TASK: Using the data that follows, give again word for word the lines between the one holding "ISABEL MARANT ETOILE" and the one holding "Horse Doll Year", inclusive. Omit the pictures.

DATA FOR THIS TASK:
--

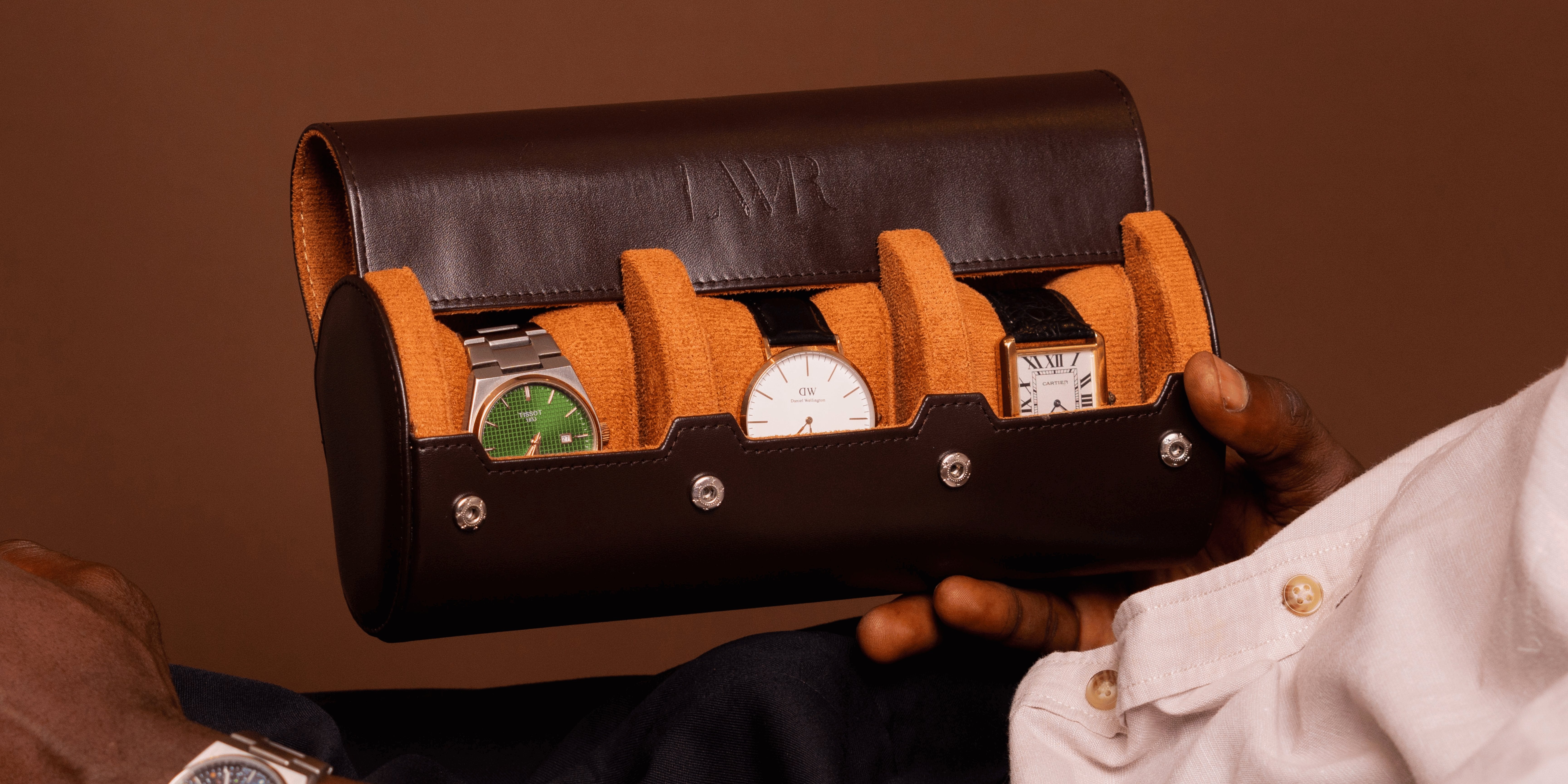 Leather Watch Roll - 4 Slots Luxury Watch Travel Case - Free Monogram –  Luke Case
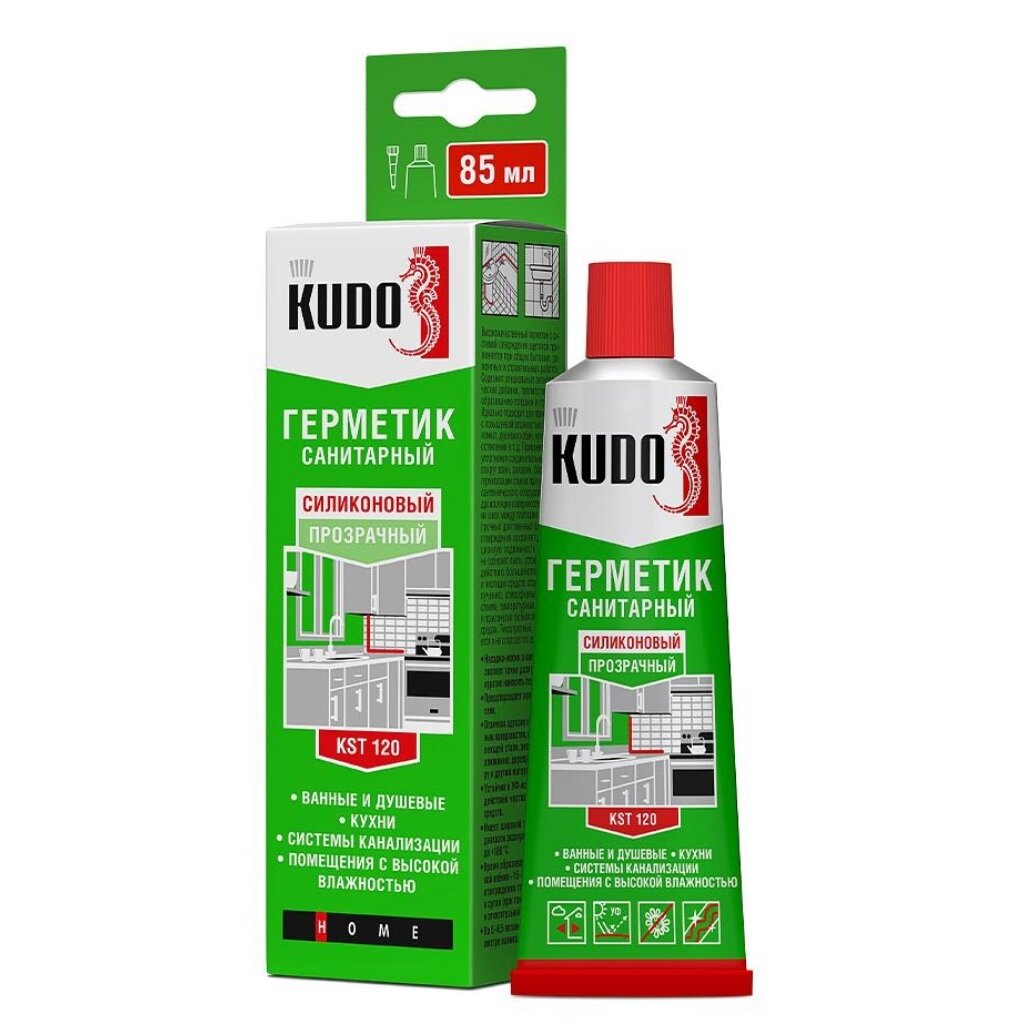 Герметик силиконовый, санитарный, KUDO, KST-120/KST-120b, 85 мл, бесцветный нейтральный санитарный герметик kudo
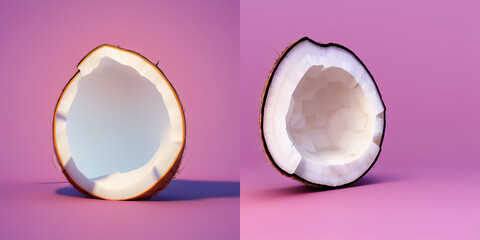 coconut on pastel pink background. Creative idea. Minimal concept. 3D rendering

--

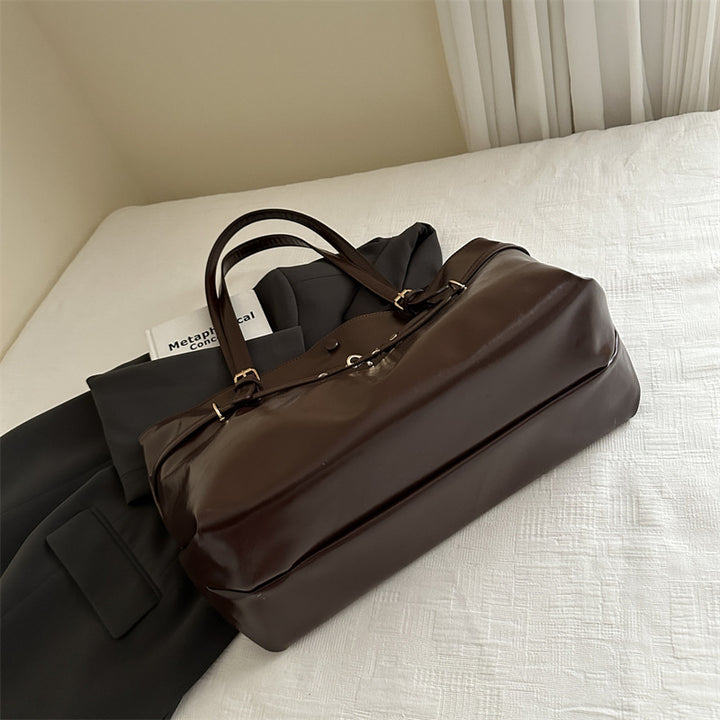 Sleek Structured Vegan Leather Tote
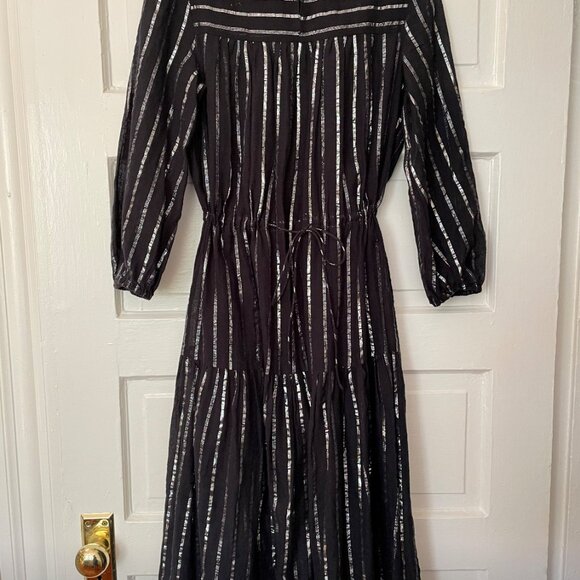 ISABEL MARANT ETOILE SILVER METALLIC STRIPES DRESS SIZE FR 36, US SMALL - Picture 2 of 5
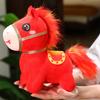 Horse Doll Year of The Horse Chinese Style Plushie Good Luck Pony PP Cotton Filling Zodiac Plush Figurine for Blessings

--

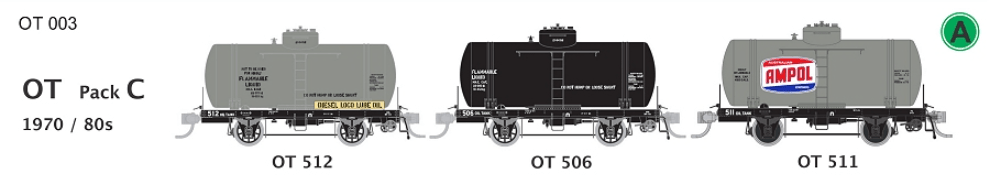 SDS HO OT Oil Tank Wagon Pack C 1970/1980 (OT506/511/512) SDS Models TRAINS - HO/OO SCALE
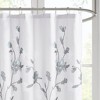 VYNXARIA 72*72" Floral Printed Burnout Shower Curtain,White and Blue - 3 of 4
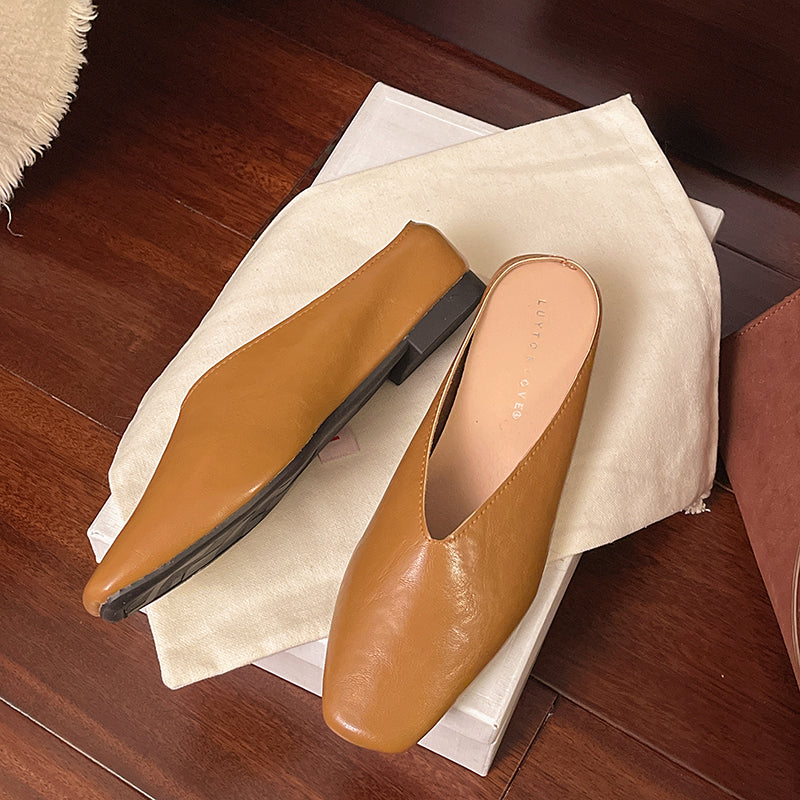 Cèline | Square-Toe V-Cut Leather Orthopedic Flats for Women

--

SOLUTION BELOW:
 ISABEL MARANT ETOILE SILVER METALLIC STRIPES DRESS SIZE FR 36, US SMALL - Picture 2 of 5
 Horse Doll Year of The Horse Chinese Style Plushie Good Luck Pony PP Cotton Filling Zodiac Plush Figurine for Blessings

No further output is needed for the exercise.